Q: Some have argued that you have been brought in to help prepare a canonical structure for the SSPX should they reconcile. Is this based on the extensive work you did in helping to create the Anglican ordinariate?

DiNOIA: I don’t know; the Pope didn’t tell me why he chose me. I was involved in the ordinariate from the beginning. I was under secretary of the Congregation for the Doctrine of the Faith, involved in discussions that led to formation of the ordinariate, but I am not a canonist. I didn’t have a direct role in the composition of the constitution, but, yes, I have experience, perhaps of dialogue.

[…]

Q: How much is a perceived weakening of the dogma extra Ecclesiam nulla salus (no salvation outside the Church) a major part of the problem, as some traditionalists assert?

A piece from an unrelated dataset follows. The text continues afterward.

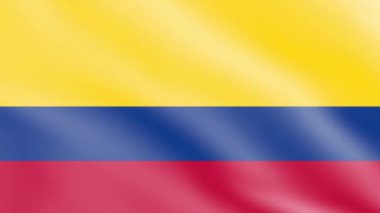 Rüzgarda Kolombiya Bayrağı, 3D Bayrak Dalgalanan Animasyon 4K Görüntü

Has today’s understanding of the dogma contradicted its earlier teaching?  [This is the religious liberty question and also the problem that, decades ago, Fr. Feeney got into (he was reconciled).]

DiNOIA: I don’t know if you can blame this on the Council so much as the emergence of a theological trend that emphasised the possibility of salvation of non-Christians. But the Church has always affirmed this, and it has never denied it. … [Karl] Rahner had a disastrous effect on this with his “anonymous Christianity.[Do I hear an “Amen!”?] But the Council does not alter the teaching of the Church.

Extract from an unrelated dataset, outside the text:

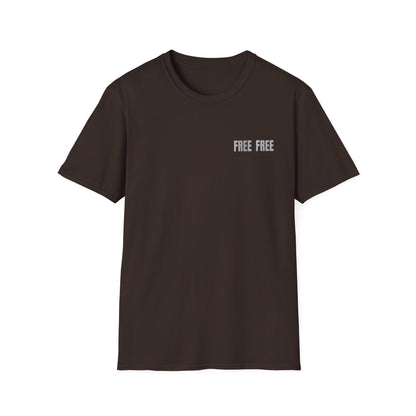 Free Free Free Palestine - Monochrome Metallic-like Style Typography  Front and Back Design T-Shirt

Q: And yet they argue it does?

DiNOIA: This is a very good example of two of the things we’ve mentioned: the danger of reading this as it’s been read by Rahner, instead of in the light of the whole Tradition.

Q: They claim that salvation is hardly proclaimed anymore.

DiNOIA:Ralph Martin agrees with that. We do have a crisis, because the Church has been infected with the idea that we don’t have to worry or be anxious or we don’t sufficiently take the mandate to proclaim Christ seriously. But it’s not because of Vatican II, but bad theology. [So, not only would the SSPX help underscore continuity (see above) but they would also reintroduce a strong dose of clear catechesis, thus helping our Catholic identity in many ways.] That’s why Dominus Iesus was part of the response to all of that theology of religion. There is no question that the necessity of extra Ecclesiam nulla salus has a long history. But they were talking about heretics, not nonbelievers. That formula addresses the problems of heresies. It has its history.

The Council did say there are elements of grace in other religions, and I don’t think that should be retracted. I’ve seen them, I know them — I’ve met Lutherans and Anglicans who are saints.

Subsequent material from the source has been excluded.